The announcement of the appeal comes the day after the publication of the detailed reports of the Constitutional Court on his appeal, and in particular, the dissenting votes of two judges who considered the sentence handed down to Cuixart and then-Catalan National Assembly president Jordi Sànchez as "disproportionate", stressing that as social leaders, their freedom of assembly had to be especially carefully guaranteed. Constitutional judges Juan Antonio Xiol and Maria Luisa Balaguer presented a dissenting opinion which repeated some arguments they had earlier stated in relation to the appeals of Jordi Turull and Josep Rull - on which they also dissented from the court majority - but adding that in the case of the 'Jordis' the penal response given was "severe" in the face of their exercising the fundamental right of assembly. The sentence had a "disastrously discouraging effect on this right", said the two judges. They added that a different judgment could have been made "more in line with an evolved interpretation and in line with that of the European Court of Human Rights".

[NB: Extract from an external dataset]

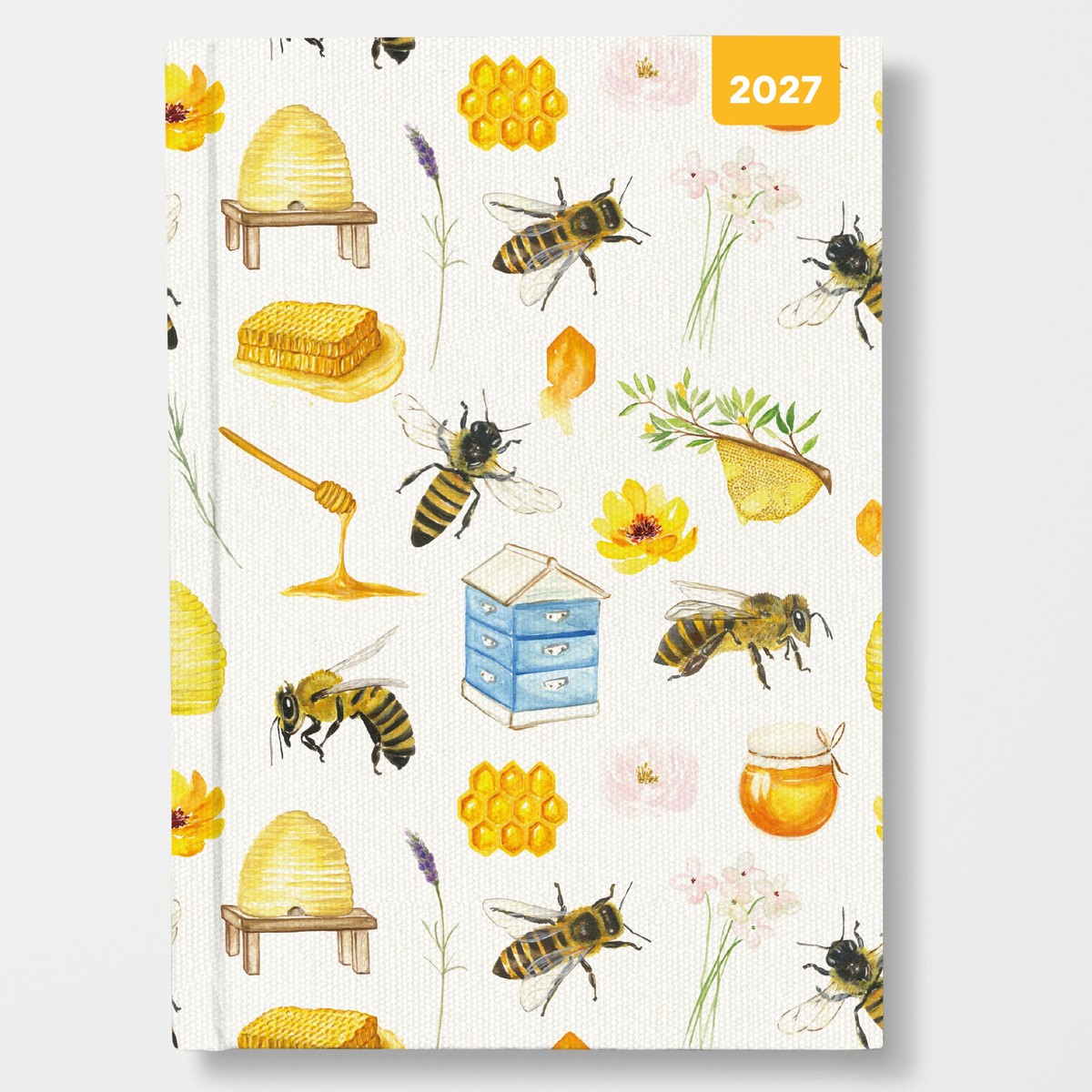 Red Robin 2027 Honey Bees Weekly Planner, Full Week View | 8 1/2″ x 6″ A5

Jordi Turull and Josep Rull expect to present their claims to the European Court of Human Rights tomorrow.

"Prognosis of defeat"

The vice-president of Òmnium, Marcel Mauri, considered shortly after learning the details of the dissenting votes that the "division" of the Constitutional Court over the appeals of the pro-independence prisoners was a "prognosis of defeat" for Spain in Strasbourg. In Òmnium's view, the court's minority view "clearly admits" the state's democratic deficits and highlights the "cracks" in its "repressive strategy."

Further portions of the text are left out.